Brief descriptive captions
+---+

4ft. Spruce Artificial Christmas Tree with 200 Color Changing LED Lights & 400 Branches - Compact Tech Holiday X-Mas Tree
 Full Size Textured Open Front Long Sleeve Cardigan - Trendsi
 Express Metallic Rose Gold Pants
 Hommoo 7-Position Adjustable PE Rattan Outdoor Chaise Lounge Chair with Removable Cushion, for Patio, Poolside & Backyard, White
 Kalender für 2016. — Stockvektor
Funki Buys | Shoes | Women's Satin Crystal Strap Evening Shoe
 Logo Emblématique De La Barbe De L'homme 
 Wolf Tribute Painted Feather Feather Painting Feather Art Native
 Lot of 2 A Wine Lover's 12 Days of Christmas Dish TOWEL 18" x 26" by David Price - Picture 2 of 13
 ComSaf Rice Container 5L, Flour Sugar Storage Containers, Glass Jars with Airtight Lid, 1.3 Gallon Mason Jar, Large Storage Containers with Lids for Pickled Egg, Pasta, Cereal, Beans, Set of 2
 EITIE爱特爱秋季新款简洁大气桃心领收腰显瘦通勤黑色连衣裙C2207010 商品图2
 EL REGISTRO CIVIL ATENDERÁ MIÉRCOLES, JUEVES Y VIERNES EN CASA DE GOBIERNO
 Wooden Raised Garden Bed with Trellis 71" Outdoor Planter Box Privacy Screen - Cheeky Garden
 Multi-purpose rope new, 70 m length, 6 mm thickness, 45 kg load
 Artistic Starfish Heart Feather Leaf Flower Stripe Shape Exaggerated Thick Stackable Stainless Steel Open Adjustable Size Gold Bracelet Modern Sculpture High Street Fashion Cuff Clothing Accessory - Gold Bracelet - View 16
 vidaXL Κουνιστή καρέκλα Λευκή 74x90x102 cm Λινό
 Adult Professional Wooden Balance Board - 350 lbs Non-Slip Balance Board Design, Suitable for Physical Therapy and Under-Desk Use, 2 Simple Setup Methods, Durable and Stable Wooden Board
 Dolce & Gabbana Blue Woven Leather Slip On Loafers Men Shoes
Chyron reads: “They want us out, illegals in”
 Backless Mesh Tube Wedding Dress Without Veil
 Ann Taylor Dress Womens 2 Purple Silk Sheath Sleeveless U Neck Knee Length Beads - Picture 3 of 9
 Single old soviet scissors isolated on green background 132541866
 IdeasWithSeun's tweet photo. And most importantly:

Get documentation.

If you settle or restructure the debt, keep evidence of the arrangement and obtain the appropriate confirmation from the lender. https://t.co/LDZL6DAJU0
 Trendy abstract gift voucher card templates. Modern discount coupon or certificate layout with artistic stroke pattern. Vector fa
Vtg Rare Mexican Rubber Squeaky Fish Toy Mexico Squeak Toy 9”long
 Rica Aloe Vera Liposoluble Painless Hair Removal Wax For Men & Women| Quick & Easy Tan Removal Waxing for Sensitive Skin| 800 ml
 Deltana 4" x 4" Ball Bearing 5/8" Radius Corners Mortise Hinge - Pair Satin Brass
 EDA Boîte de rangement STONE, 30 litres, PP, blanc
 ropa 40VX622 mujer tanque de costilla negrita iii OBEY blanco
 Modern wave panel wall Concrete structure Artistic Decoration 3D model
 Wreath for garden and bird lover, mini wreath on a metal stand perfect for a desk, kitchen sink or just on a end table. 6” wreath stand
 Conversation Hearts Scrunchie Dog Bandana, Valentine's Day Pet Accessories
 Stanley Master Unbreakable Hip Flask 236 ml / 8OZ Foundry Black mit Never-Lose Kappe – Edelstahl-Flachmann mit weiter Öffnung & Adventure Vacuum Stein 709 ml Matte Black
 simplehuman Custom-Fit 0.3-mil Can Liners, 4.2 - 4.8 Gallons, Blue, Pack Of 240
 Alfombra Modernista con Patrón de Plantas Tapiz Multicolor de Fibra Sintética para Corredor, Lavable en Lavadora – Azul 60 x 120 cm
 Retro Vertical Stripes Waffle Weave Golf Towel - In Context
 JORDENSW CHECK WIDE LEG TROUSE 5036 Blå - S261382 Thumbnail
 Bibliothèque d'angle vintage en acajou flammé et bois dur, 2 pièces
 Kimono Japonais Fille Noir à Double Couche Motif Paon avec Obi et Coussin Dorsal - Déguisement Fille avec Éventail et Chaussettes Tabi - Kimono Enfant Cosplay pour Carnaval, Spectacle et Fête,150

+---+

What is needed is a verbatim copy of every line in the records above from the one containing "Artistic Starfish Heart" down to the one containing "JORDENSW CHECK WIDE", both included, and nothing more.

 Artistic Starfish Heart Feather Leaf Flower Stripe Shape Exaggerated Thick Stackable Stainless Steel Open Adjustable Size Gold Bracelet Modern Sculpture High Street Fashion Cuff Clothing Accessory - Gold Bracelet - View 16
 vidaXL Κουνιστή καρέκλα Λευκή 74x90x102 cm Λινό
 Adult Professional Wooden Balance Board - 350 lbs Non-Slip Balance Board Design, Suitable for Physical Therapy and Under-Desk Use, 2 Simple Setup Methods, Durable and Stable Wooden Board
 Dolce & Gabbana Blue Woven Leather Slip On Loafers Men Shoes
Chyron reads: “They want us out, illegals in”
 Backless Mesh Tube Wedding Dress Without Veil
 Ann Taylor Dress Womens 2 Purple Silk Sheath Sleeveless U Neck Knee Length Beads - Picture 3 of 9
 Single old soviet scissors isolated on green background 132541866
 IdeasWithSeun's tweet photo. And most importantly:

Get documentation.

If you settle or restructure the debt, keep evidence of the arrangement and obtain the appropriate confirmation from the lender. https://t.co/LDZL6DAJU0
 Trendy abstract gift voucher card templates. Modern discount coupon or certificate layout with artistic stroke pattern. Vector fa
Vtg Rare Mexican Rubber Squeaky Fish Toy Mexico Squeak Toy 9”long
 Rica Aloe Vera Liposoluble Painless Hair Removal Wax For Men & Women| Quick & Easy Tan Removal Waxing for Sensitive Skin| 800 ml
 Deltana 4" x 4" Ball Bearing 5/8" Radius Corners Mortise Hinge - Pair Satin Brass
 EDA Boîte de rangement STONE, 30 litres, PP, blanc
 ropa 40VX622 mujer tanque de costilla negrita iii OBEY blanco
 Modern wave panel wall Concrete structure Artistic Decoration 3D model
 Wreath for garden and bird lover, mini wreath on a metal stand perfect for a desk, kitchen sink or just on a end table. 6” wreath stand
 Conversation Hearts Scrunchie Dog Bandana, Valentine's Day Pet Accessories
 Stanley Master Unbreakable Hip Flask 236 ml / 8OZ Foundry Black mit Never-Lose Kappe – Edelstahl-Flachmann mit weiter Öffnung & Adventure Vacuum Stein 709 ml Matte Black
 simplehuman Custom-Fit 0.3-mil Can Liners, 4.2 - 4.8 Gallons, Blue, Pack Of 240
 Alfombra Modernista con Patrón de Plantas Tapiz Multicolor de Fibra Sintética para Corredor, Lavable en Lavadora – Azul 60 x 120 cm
 Retro Vertical Stripes Waffle Weave Golf Towel - In Context
 JORDENSW CHECK WIDE LEG TROUSE 5036 Blå - S261382 Thumbnail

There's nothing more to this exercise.